I am the president of the bipartisan Committee for a Responsible Federal Budget and the director of the Fiscal Policy Program at the New America Foundation. I also am part of the Peterson-Pew Commission on Budget Reform and a member of the Domenici-Rivlin Debt Reduction Task Force.  Today, I will discuss a number of the outside initiatives that are underway to try to help change our nation’s fiscal future.
I know that all the members of this commission have been working incredibly hard scouring all areas of the budget for potential reforms to improve our fiscal future, and I thank you for all the effort that you are putting into this task.
If we don’t make changes to our debt trajectory, we will pay a heavy price through a weaker economy, a lower standard of living, less growth potential, a less flexible budget, and a loss of leadership in the world.
Just yesterday, the Congressional Budget Office released a report on federal debt and the risk of financial crisis. The document not only warns that debt levels are already quite high compared to historical levels, but that the debt is set to grow faster than the economy—forever. Future debt growth will be driven by higher government spending caused by the aging of the populating, escalating healthcare costs, and the biggest waste in the budget – spiraling interest payments (my words, not the ever-diplomatic CBO’s), and revenues that, even though they will be higher than historical averages, will not be high enough to pay for all the spending.  
The CBO report focuses on the growing risk of a fiscal crisis if we do not change course. A crisis could take the form of a gradual rise in interest rates.
Or as we have seen in other nations, it could be startlingly abrupt, as investor concern suddenly grows over the risk of default or attempts to inflate our way out of our fiscal problems.  No one knows at what point we would hit the tipping point. The Committee for a Responsible Federal Budget recently held an entire conference with some of the world's top financial and economic experts on the topic of what would cause a fiscal crisis and what exactly it would look like. There was nothing close to a consensus about what would kick off a crisis—only that we may well be dangerously close to finding out and that we’d rather not. Fears like these –which would have seemed so exaggerated in the past—now are disturbingly relevant.
Other than how much we should not want to find out what a fiscal crisis would look and feel like, there are a few main points I want to make today:
  • We need fiscal goals for both the medium and long term
  • We have to be cognizant of the sluggish economy as we proceed
  • We should focus on policies that will help grow the economy
  • Along with important work of the Fiscal Commission, there are many outside the group trying to develop ideas that will help lay the groundwork for, and dovetail with, whatever the commission comes up with.
I’ll focus on the Peterson-Pew Commission on Budget Reform, the National Research Council and National Academy of Public Administration’s “Choosing the Nation’s Fiscal Future,” and the still in-progress Domenici-Rivlin Debt Reduction Task Force.
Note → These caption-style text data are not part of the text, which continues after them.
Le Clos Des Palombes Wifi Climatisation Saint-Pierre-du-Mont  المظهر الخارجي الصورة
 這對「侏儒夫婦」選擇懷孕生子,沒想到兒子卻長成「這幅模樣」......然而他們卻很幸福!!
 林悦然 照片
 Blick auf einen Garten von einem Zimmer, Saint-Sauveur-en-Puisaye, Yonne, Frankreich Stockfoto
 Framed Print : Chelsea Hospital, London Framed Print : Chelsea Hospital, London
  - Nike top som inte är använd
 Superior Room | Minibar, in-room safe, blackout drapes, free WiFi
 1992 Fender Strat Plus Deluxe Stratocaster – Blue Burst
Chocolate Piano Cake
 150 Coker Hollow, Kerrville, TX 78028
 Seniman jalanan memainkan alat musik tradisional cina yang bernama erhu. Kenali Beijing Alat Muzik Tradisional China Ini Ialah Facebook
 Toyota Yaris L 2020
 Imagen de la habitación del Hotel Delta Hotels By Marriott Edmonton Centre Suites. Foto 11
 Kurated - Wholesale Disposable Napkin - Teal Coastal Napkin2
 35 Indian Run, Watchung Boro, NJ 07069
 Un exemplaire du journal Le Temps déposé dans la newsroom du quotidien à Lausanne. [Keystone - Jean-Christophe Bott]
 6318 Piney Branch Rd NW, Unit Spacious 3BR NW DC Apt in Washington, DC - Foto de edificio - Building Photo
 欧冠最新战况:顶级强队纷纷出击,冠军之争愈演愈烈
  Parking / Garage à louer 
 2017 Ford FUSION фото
By way of background, The Peterson-Pew Commission on Budget Reform is sponsored by the Peter G. Peterson Foundation and the Pew Charitable Trusts and its Members are those of the Committee for a Responsible Federal Budget—all the former directors of CBO and many of the formers heads of OMB, the budget committees and the Fed.
Last December the Commission released a six-step plan to stabilize the debt including: 
Step 1: Commit immediately to stabilize the debt
Step 2: Develop a specific and credible debt stabilization package as quickly as possible
Step 3: Begin to phase in policy changes gradually in 2012;
Step 4: Review progress annually and implement an enforcement regime to stay on track;
Step 5: Stabilize the debt by 2018; and
Step 6: Continue to reduce the debt as a share of the economy over the longer-term.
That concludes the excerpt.